◆ Work task:
Transcribe every entry exactly; the images stay out.
Start of Records for this task
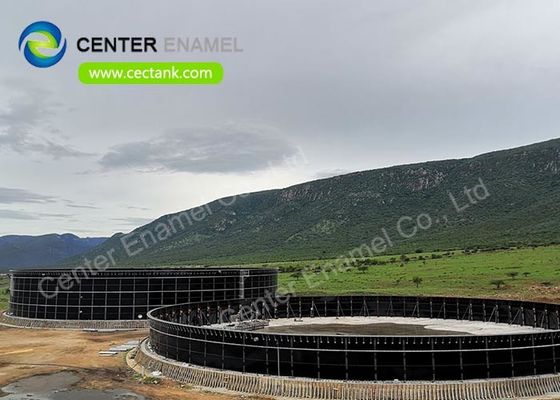 Réservoir de revêtement en verre de 20 m3 pour le traitement des eaux usées et réservoir de fermentation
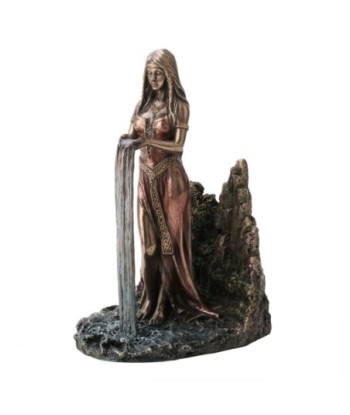 Figura Danu Diosa Celta Madre Tierra Resina Decorativa 23cm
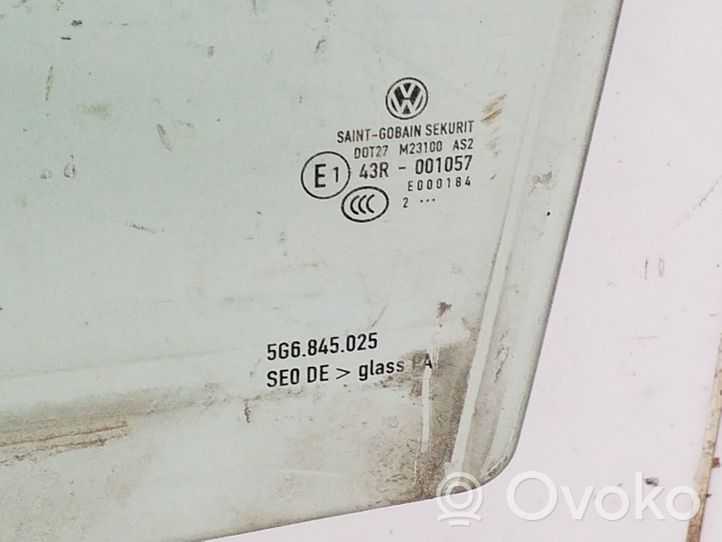 Volkswagen Golf VII Fenster Scheibe Tür hinten 5G6845025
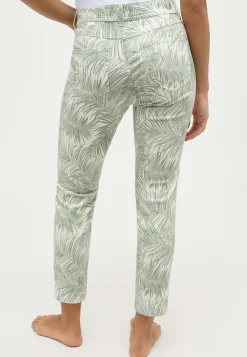Pants Ornella with palm print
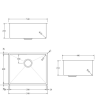 Aspen PVD 500mm Single Kitchen Sink Brushed Copper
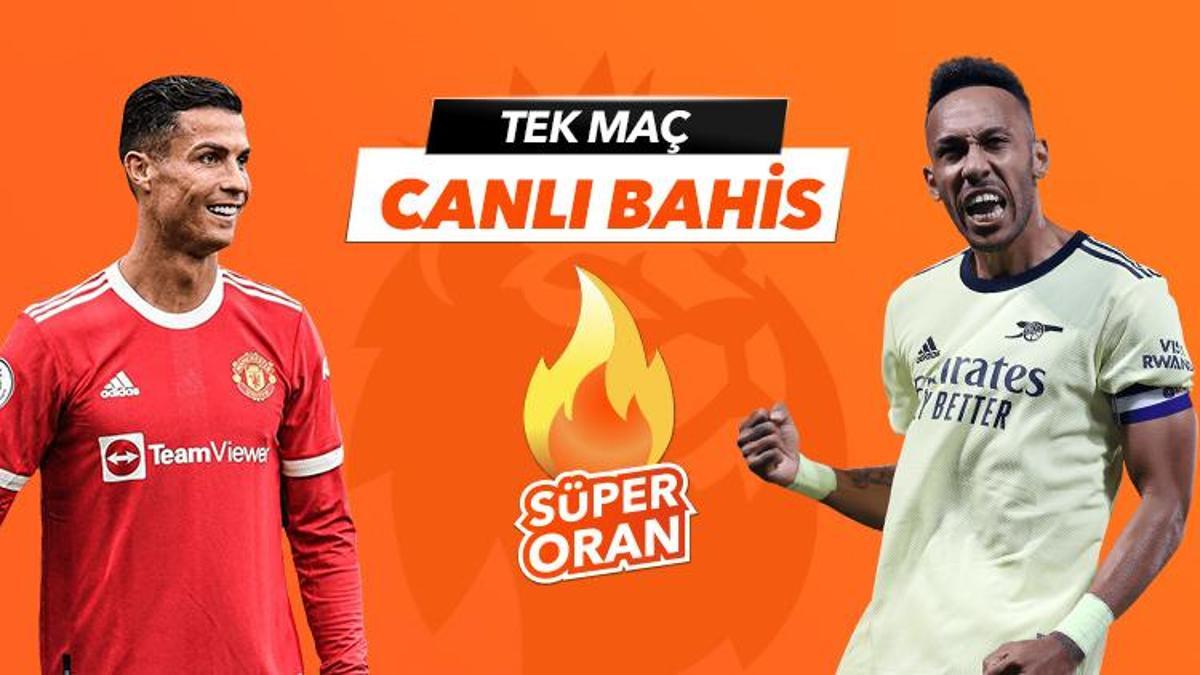 Manchester United - Arsenal maçı Tek Maç ve Canlı Bahis seçenekleriyle Misli.com’da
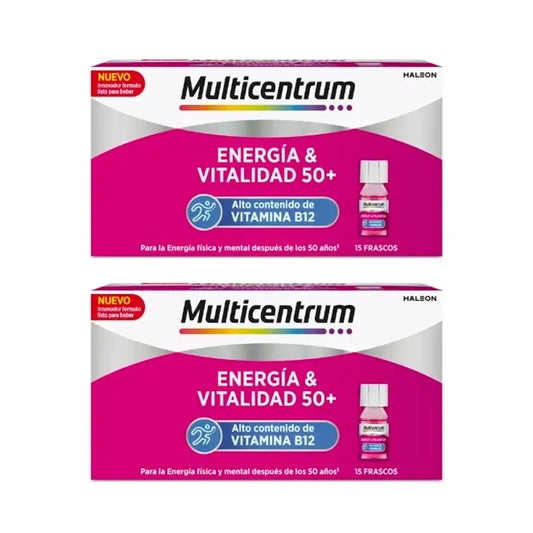 Multicentrum Energie & Vitalität 50+ Pack 2 x 15 Flaschen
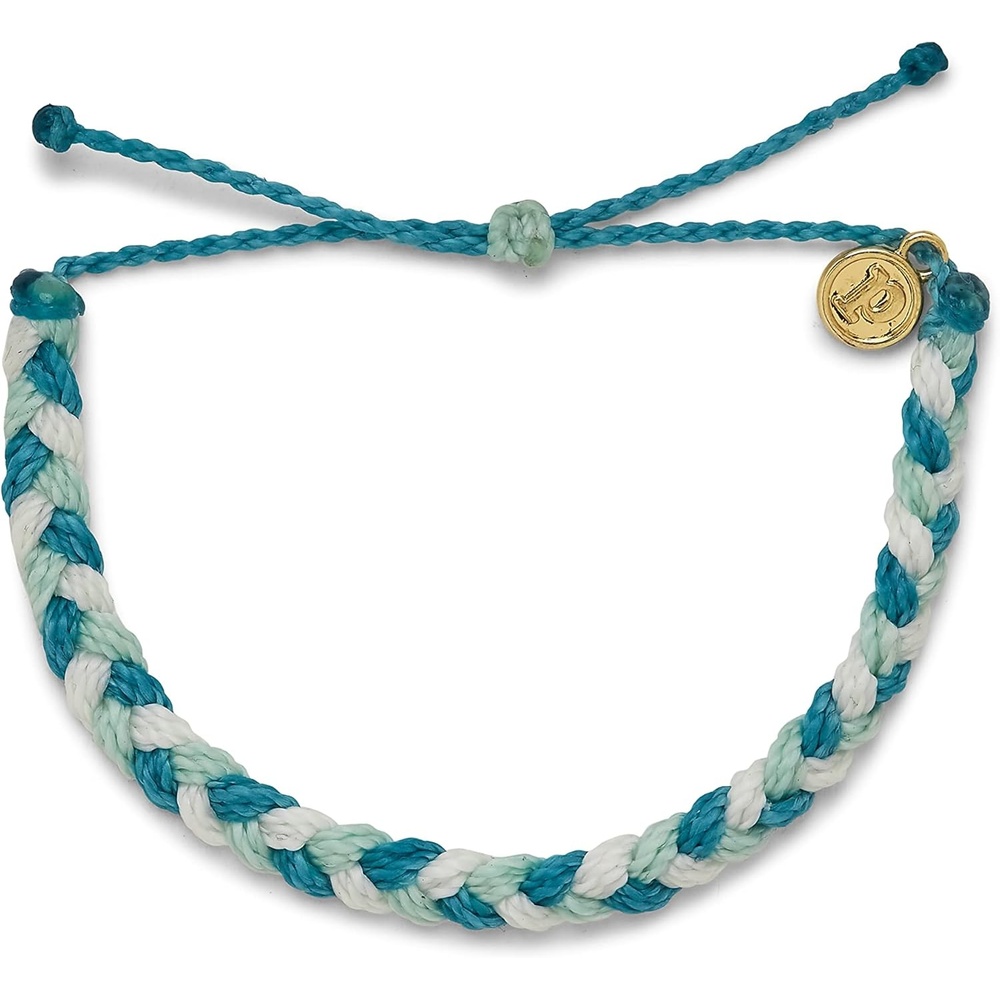 image:imagePura Vida Drift Multicolor Braided Bracelet Adjustable Band 100 Waterproof Plated Brand Charm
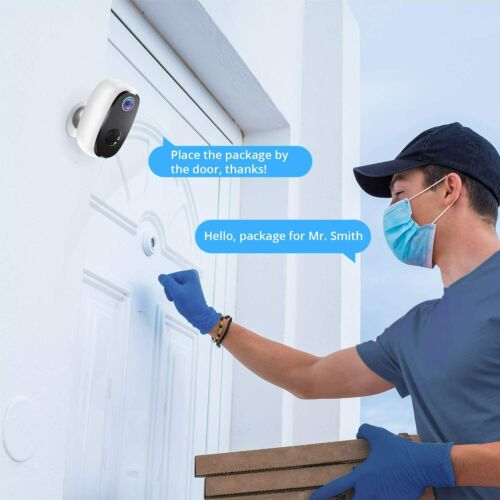AKASO Wireless Security Camera Wifi 1080P 2-Way Audio Night Vision Rechargeable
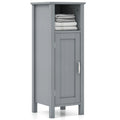 Bathroom Floor Cabinet with 3-Height Adjustable Shelf - 12D x 12W x 31.5H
End of Records for this task
◆ Result for this exercise:
 Réservoir de revêtement en verre de 20 m3 pour le traitement des eaux usées et réservoir de fermentation
 Figura Danu Diosa Celta Madre Tierra Resina Decorativa 23cm
 Volkswagen Golf VII Fenster Scheibe Tür hinten 5G6845025
Pants Ornella with palm print
 Aspen PVD 500mm Single Kitchen Sink Brushed Copper
 Manchester United - Arsenal maçı Tek Maç ve Canlı Bahis seçenekleriyle Misli.com’da
 Multicentrum Energie & Vitalität 50+ Pack 2 x 15 Flaschen
 image:imagePura Vida Drift Multicolor Braided Bracelet Adjustable Band 100 Waterproof Plated Brand Charm
AKASO Wireless Security Camera Wifi 1080P 2-Way Audio Night Vision Rechargeable
 Bathroom Floor Cabinet with 3-Height Adjustable Shelf - 12D x 12W x 31.5H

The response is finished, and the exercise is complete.